== THE TASK ==
Write out the stretch of lines below that begins at the line with "FABER CASTELL 116243" and ends at the line with "Afbeelding van Smart", including both, exactly as given and nothing more.

== RECORDS SUPPLIED ==

━━━━━━

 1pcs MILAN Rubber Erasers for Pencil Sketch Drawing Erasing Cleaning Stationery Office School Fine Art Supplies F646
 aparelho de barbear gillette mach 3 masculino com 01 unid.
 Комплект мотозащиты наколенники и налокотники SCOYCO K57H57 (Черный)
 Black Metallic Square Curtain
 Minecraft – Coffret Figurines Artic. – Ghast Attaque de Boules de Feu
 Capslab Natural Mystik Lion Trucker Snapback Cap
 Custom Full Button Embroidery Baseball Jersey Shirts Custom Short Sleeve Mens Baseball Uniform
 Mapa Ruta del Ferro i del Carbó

━━━━━━

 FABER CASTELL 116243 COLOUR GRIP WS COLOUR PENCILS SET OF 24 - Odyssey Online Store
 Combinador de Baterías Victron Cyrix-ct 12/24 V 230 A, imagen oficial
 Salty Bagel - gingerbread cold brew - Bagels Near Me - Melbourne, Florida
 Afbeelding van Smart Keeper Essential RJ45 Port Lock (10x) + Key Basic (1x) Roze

━━━━━━

== ANSWER ==
 FABER CASTELL 116243 COLOUR GRIP WS COLOUR PENCILS SET OF 24 - Odyssey Online Store
 Combinador de Baterías Victron Cyrix-ct 12/24 V 230 A, imagen oficial
 Salty Bagel - gingerbread cold brew - Bagels Near Me - Melbourne, Florida
 Afbeelding van Smart Keeper Essential RJ45 Port Lock (10x) + Key Basic (1x) Roze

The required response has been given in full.